His mother was a single mother for much of his childhood -- and he was around strong, empowered women. He SAW the women's movement in action.
He passed up lucrative corporate America, and worked himself in the civil rights arena. LIVED IT HIMSELF -- worked it himself. At a time when civil rights were no longer even the "cause" they were in the sixties.
He married a woman who is the embodiment of a strong, empowered, educated woman.
This is not a man oblivious to the fight for racial equality or women's issues. But in living that fight and its aftermath, he is looking forward to the issues that face us today, and the issues that will face our children.
Politicians need to be aware of history, of course. But I don't want politicians mired in events of 40 years ago. I don't want politicians who practice politics circa 1960, 1970, 1980, 1990.
I don't want politicians who think that just because something's been done this way for decades, it's the way it should continue to be done.

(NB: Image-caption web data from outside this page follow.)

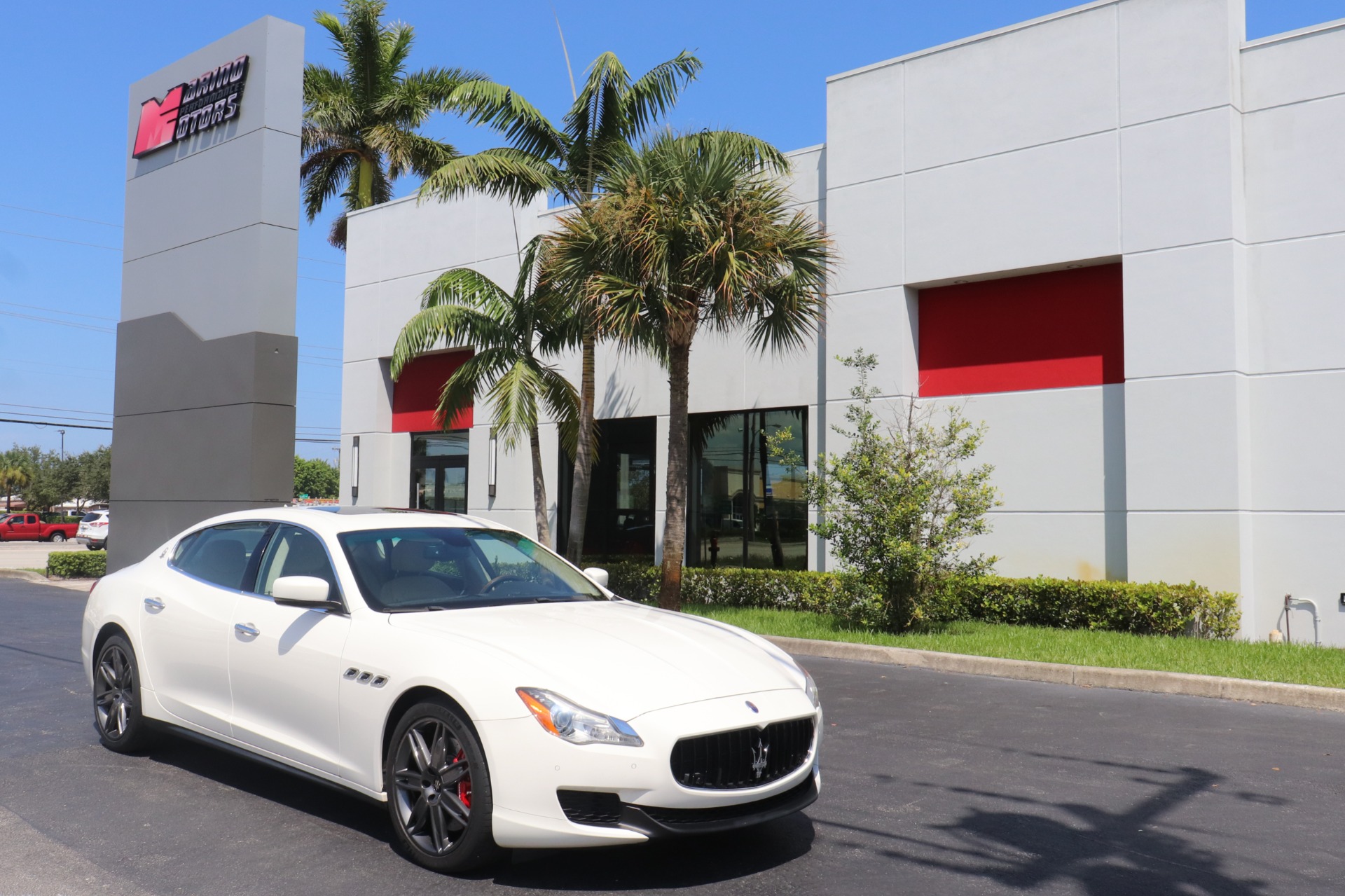 Used-2014-Maserati-Quattroporte-Sport-GT-S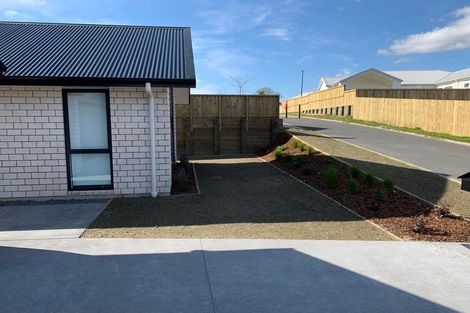 Photo of property in 11 Tarata Place, Owhata, Rotorua, 3010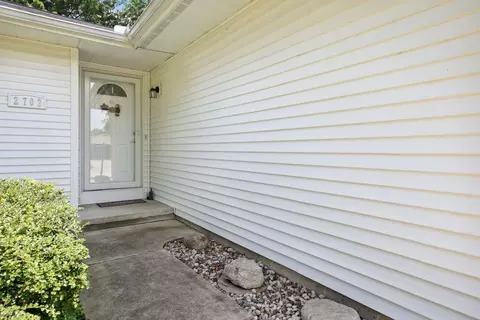 2702 Hathaway Dr, Champaign, IL 61821 photo 2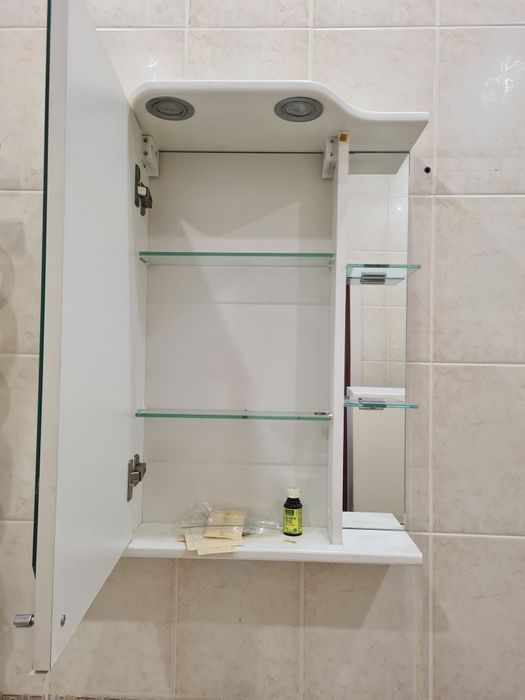 Тумба з умивальником та дзеркальною шафою, змішувач, сіфон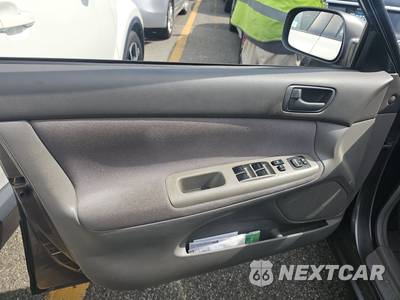 2004 Toyota Camry LE - zdjęcie 9 z 30 - miniatura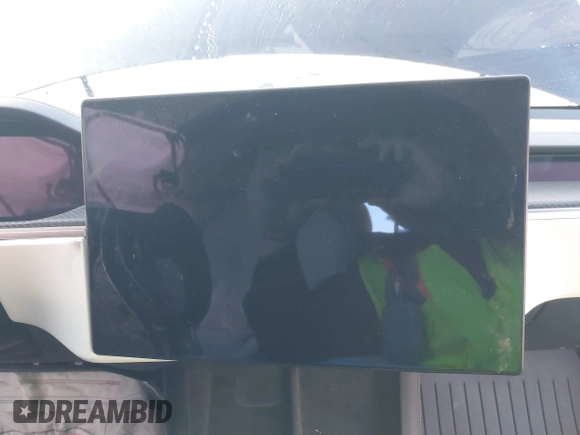2022 Tesla Model S with VIN 5YJSA1E57NF493457, listed as a IAAI auction lot 41456284 with Not Provided miles and . Bid and sale history available at DreamBid. Image 17.
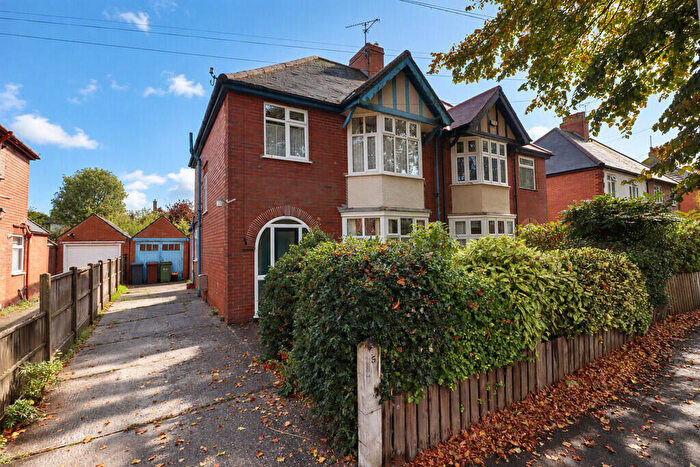 3 Bedroom Semi-Detached House For Sale In Egerton Road, Lincoln, LN2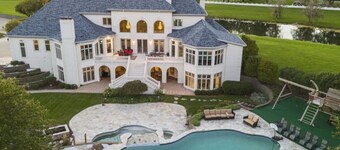 12,000 SF Mansion w/Pool & Lakeview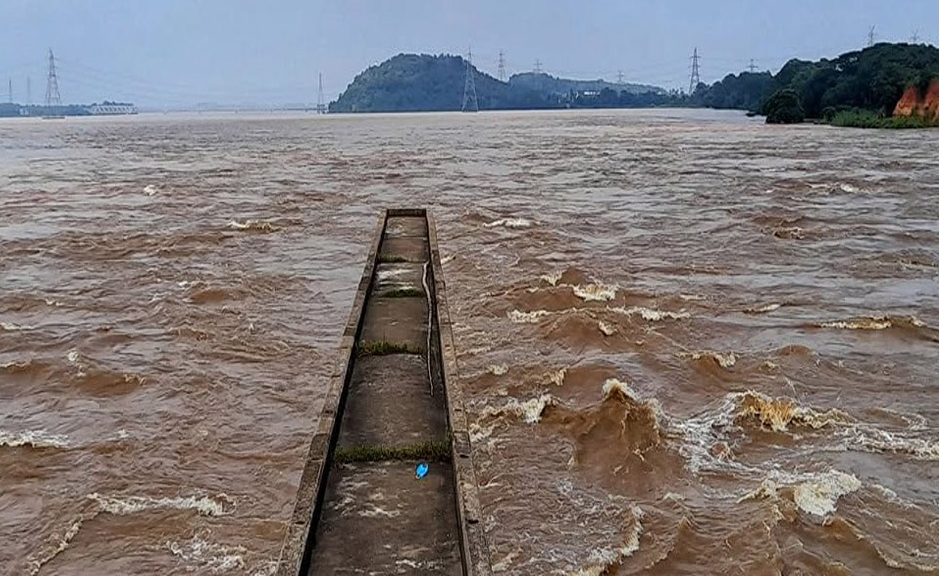ମାଡ଼ି ଆସୁଛି ବନ୍ୟାଜଳ, ମହାନଦୀ ଦେଖାଉଛି କରାଳ ରୂପ ମାଡ଼ି ଆସୁଛି ବନ୍ୟାଜଳ, ମହାନଦୀ ଦେଖାଉଛି କରାଳ ରୂପ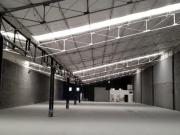 Amplia Bodega en Renta sobre avenida muy transitada...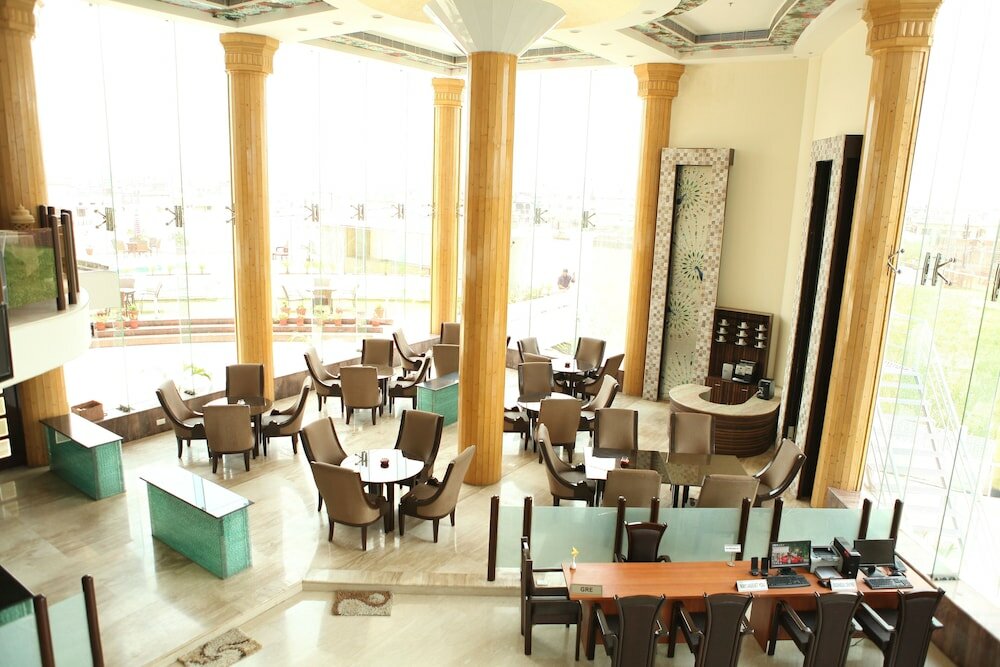 Фото The Solitaire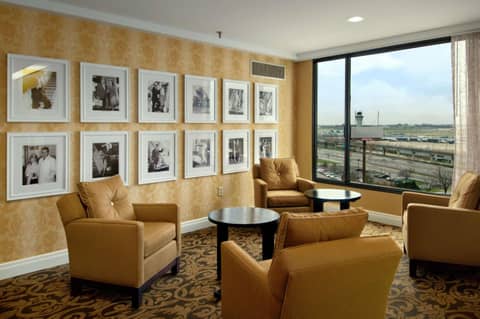 Hilton St. Louis Airport — lounge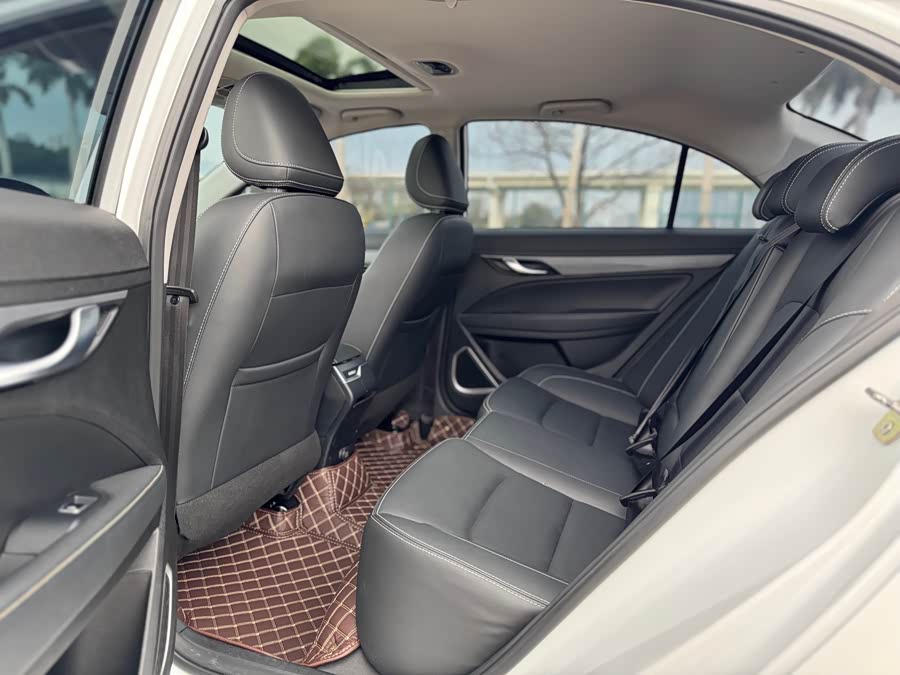 GEELY Emgrand 2020 #14 GEELY Emgrand 2020 car image #14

We aren't fighting the war in Vietnam, or the civil rights movement, or the women's rights movement anymore. We have a new set of complex struggles. And we need politicians who recognize that, and bring contemporary, fresh views to those challenges, not old warhorses and workhorses who want to do same-old-same-old and keep fighting battles from 40 years ago with 40-year old tactics.
P.S. As for the first part of your video blog and your continuing discussion of the Reagan issue and Hillary's attack ad, I can only assume that, being an intelligent and self-aware person, for some reason you truly are not realizing the passive-aggresive sabotage you continue to perpetrate on the Obamas. Witness your video blog -- you repeat Hillary's accusation that Obama praised Regan, then you laundry list in detail all the terrible programs of Ronald Reagan...and then speed past in half a second the fact that Obama corrected Hillary's unfair attacks, and that he did NOT praise Reagan's policies, only his political savvy. Joan, either you're deliberately anti-Obama and trying to conceal disingenously, or you are subsconsciously acting out your feelings about Obama and don't realize it.